I packed up my gear and drove, through mist and clouds, to Lake Louise, where the sun peaked out for just a few minutes, treating me to a spectacular view of the fabled aqua-marine Lake Louise.
I wanted to do some hikes in the area, and decided, given the cold, to take a room at the Deer Lake Lodge. There is nothing quite as soothing, quite as wonderful, as a long hot shower. And then slipping into a soft bed with clean sheets. Bliss. Absolute bliss.

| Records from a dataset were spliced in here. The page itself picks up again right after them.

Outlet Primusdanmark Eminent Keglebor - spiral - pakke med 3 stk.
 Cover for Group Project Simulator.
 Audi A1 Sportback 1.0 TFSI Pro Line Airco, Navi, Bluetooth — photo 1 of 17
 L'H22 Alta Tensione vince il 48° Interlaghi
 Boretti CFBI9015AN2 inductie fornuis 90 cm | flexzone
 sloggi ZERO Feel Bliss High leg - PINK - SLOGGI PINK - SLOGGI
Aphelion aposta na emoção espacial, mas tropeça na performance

This morning I set out early to hike the Paradise Valley Circuit – 11 miles. I came across a porcupine not far from the trailhead. It was the first one I’d ever seen, and was much bigger than I had imagined. We had a staring match for several minutes, neither of us willing to give ground or turn tail (as it were). Actually I did most of the staring. He or she continued chewing, beaver-like, at the 'trail closed' sign, looking at me out of the corner of one eye, and bristling up his quills when I moved to get my camera. I decided to forego the photo op, just in case. But regardless of my stillness he must have decided my presence alone was too much of a threat. He turned his back to me – his quills standing up in a fan from the nape of his neck to the base of his tail, an impressively menacing display of sharp yellow needles – and off he lumbered.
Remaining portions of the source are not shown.